Much is made of a human’s ability to make free choices. It’s an illusion, of course, but if people should be awarded this mysterious power, then why not bees? To bolster this notion of bees and free will, we’ll look at a series of maps created by researchers in the UK. Using radar, they monitored the flights of bumble bees (Bombus terrestris).

From the variety of foraging paths shown below, it appears that the bees exhibit unique personalities. Some forage close to home, some make multiple exploratory trips, some find a good foraging spot and persistently return to it. None of the bees behave the same. They each use different learning strategies during exploratory stages and differ in foraging style during exploitation. Does such variation imply that bees exercise free will? First the maps, then the free will. See if you can resist looking ahead, but your choice (study the map or go for the goal) is already predestined.

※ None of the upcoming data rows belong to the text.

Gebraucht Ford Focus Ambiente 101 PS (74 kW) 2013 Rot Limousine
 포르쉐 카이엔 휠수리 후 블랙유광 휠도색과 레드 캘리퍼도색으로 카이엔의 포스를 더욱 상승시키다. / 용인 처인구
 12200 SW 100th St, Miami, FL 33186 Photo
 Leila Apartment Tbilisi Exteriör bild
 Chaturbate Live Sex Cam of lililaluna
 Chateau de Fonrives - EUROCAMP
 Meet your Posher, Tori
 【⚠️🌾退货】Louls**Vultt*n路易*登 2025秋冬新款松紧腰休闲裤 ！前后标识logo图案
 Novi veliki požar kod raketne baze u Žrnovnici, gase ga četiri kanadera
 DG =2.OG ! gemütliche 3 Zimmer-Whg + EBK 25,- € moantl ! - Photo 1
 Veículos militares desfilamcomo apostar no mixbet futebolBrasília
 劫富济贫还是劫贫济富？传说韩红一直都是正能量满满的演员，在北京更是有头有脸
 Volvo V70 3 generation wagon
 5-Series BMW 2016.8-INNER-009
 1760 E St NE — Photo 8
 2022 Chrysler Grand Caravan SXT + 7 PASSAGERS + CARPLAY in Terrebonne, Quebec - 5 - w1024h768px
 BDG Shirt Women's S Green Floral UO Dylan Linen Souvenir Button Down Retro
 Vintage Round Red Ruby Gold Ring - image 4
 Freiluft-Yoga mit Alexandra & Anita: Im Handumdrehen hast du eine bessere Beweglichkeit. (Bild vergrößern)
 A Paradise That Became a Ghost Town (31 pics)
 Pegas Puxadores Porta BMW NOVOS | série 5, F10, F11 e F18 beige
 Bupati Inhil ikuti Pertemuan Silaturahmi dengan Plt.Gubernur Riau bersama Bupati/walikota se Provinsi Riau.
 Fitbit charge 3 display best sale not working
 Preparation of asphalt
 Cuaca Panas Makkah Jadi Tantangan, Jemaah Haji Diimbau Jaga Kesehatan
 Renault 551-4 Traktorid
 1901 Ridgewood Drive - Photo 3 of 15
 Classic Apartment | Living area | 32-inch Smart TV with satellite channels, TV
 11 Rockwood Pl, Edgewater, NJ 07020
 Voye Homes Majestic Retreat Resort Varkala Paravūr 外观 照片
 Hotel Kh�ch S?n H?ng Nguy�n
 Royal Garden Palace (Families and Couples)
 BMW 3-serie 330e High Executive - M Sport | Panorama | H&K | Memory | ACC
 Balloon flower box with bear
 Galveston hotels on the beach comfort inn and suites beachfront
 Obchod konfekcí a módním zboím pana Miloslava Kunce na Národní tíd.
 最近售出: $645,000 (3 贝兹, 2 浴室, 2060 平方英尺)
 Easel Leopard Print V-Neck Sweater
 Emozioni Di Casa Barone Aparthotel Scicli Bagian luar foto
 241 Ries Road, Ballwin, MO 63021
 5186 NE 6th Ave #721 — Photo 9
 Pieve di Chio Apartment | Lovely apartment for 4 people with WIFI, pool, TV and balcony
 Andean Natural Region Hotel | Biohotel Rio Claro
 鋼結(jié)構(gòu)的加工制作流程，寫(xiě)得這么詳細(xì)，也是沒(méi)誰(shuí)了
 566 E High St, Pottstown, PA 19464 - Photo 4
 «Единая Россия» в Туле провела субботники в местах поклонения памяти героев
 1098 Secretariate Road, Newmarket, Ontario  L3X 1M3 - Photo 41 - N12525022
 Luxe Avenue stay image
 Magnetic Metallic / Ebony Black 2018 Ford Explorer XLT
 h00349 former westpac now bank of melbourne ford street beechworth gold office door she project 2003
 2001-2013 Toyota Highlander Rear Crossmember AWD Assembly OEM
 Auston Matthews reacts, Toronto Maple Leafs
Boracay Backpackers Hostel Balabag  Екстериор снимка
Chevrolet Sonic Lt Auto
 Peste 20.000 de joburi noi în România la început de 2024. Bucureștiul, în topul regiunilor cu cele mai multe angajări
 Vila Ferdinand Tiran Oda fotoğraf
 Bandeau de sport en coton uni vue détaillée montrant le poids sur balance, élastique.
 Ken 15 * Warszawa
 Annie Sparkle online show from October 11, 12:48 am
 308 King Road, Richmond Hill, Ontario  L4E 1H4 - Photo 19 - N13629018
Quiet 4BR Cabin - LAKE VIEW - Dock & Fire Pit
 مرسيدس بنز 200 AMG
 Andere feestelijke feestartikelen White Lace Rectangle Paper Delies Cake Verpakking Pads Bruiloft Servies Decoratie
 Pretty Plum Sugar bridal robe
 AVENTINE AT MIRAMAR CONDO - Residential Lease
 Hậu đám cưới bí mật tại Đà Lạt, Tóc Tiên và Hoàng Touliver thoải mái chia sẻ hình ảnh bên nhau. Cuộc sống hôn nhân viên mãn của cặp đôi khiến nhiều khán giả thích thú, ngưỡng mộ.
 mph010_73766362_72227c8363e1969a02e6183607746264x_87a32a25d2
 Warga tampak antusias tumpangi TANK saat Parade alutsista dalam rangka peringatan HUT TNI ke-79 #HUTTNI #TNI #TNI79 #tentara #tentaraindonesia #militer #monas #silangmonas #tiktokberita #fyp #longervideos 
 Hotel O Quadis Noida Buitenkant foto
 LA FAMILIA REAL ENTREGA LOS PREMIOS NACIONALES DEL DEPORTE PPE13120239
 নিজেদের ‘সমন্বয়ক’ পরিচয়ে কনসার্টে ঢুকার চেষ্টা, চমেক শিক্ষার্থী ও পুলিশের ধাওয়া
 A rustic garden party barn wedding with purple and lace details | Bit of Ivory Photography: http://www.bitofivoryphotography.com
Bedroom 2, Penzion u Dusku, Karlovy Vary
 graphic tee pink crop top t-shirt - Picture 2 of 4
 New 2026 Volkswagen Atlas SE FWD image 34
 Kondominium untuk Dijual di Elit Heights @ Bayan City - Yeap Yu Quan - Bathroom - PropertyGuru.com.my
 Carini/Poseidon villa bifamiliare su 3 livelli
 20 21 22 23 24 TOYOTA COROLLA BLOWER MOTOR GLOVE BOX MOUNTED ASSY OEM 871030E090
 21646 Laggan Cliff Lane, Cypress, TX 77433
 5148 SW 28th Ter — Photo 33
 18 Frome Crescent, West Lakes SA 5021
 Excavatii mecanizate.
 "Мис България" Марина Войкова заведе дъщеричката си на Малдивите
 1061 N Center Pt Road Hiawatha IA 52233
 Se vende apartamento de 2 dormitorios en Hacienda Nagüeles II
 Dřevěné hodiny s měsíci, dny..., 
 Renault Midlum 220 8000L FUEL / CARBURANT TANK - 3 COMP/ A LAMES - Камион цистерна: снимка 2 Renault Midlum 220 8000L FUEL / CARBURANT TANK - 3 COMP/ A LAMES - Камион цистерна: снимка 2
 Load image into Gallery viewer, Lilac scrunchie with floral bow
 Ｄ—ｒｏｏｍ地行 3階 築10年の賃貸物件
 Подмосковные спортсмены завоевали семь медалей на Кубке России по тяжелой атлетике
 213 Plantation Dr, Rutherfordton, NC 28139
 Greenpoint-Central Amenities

Here are the maps generated by Woodgate, Makinson, Lim, Reynolds, and Chittka in “Life-Long Radar Tracking of Bumblebees“. The blue dot is the nest location for all four of the observed bumble bees. Bee A engaged in 156 recorded flights, mostly close to the colony. Bee B seems to become less and less focused with each successive flight, scattering her attention across the fields, while Bee C and Bee D likewise display rather different foraging patterns: C makes few excursions while D going farthest, even beyond the researchers’ map.

bumble-bee-paths-a

bumble-bee-paths-b

bumble-bee-paths-c

bumble-bee-paths-d

Researchers explain their project:

“Every flight ever made outside the nest by four foragers was recorded. . . We identified how each bee’s flights fit into two categories—which we named exploration and exploitation flights—examining the differences between the two types of flight and how their occurrence changed over the course of the bees’ foraging careers.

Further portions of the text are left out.